Quell’“alzarsi” in greco è espresso con il medesimo verbo usato per la risurrezione, sorgere, indicando che l’adesione a Dio porta azione pronta e conseguente alla vita nuova ricevuta. È indicato anche il modo: «Andò in fretta». In greco il termine indica zelo, qualcosa che si fa con cura, con attenzione, con voglia particolare. Non è una fretta mossa dall’ansia, piuttosto è la cura particolare di un’azione che Maria vuole fare bene e tutto il suo essere emana qualcosa di importante. La Madonna accoglie la verità di una promessa fatta da Dio. Chi accoglie questa promessa si alza e parte, con un dinamismo gioioso.

A volte la vita cristiana è vissuta in modo estremamente riduttivo come il non far nulla di male: è ben altro! Maria ha invece la caratteristica del mettersi in moto con la gioia nel cuore.

Perché c’è molta gioia e allegria in questo testo che descrive l’incontro tra due donne felici, ricolme di vita, una molto giovane, l’altra ormai anziana. Una donna incinta che accoglie la gravidanza è rivestita di gioia soprannaturale, al di là di ciò che la cultura di oggi voglia negare, ossia di vedere in una gravidanza un problema e in un bambino che nasce un nemico. Invece, quanta gioia quando la vita di Dio entra in noi!

Maria saluta Elisabetta: è la rottura della estraneità, l’inizio della relazione. Dal saluto dell’arcangelo Gabriele a Maria nell’annunciazione al saluto di Maria a Elisabetta: è il saluto di Dio che si propaga; l’amore di Dio si diffonde per estendersi fino a far sussultare il bimbo di Elisabetta, la quale anch’essa, solo a questo punto, diviene colma di Spirito.

Non esiste fede senza condivisione: abbiamo creduto perché qualcuno ha creduto prima di noi; qualcuno ha creduto e ci ha salutato, ci ha annunciato il vangelo e il nostro cuore è esultato. La gioia e lo Spirito Santo che l’ha appena colmata, porta Elisabetta ad esclamare «Benedetta tu e il tuo grembo» (Lc 1,42), così come preghiamo nell’Ave Maria. È lo Spirito che fa sorgere la preghiera dal profondo dell’essere: è l’adorazione «in Spirito e verità» narrata da Gesù alla samaritana.

Maria ha ricevuto dall’angelo delle istruzioni e sente la necessità di condividerle con l’unica donna che la può capire: quando viviamo qualcosa di bello abbiamo bisogno di condividerlo, non possiamo tenerlo solo per noi.
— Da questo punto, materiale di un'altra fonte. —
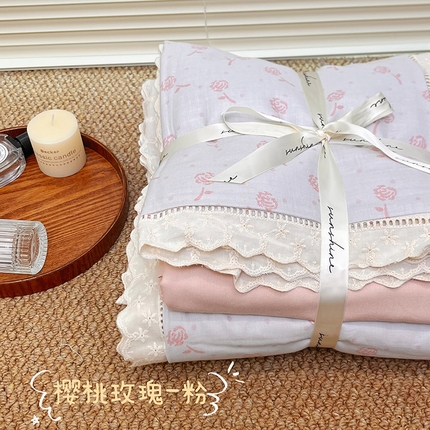 91家纺网 家纺一手货源 找家纺 （总）荣轩家居 2025新款全棉双层纱镂空花边工艺款四件套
Il cuore della visita di Maria a Elisabetta sarà il canto del Magnificat, che proseguirà nel primo capitolo del vangelo di Luca, in cui l’anima e lo spirito di Maria contempleranno le grandi cose che ha fatto in lei il Signore.

Natale è alle porte: cantiamo anche noi il nostro Magnificat, ricordiamo le grandi cose che il Signore ha fatto e crediamo a quelle che farà in noi, se gliene daremo la possibilità. Questa fede è la prerogativa della gioia, quella autentica che nessuno potrà mai toglierci.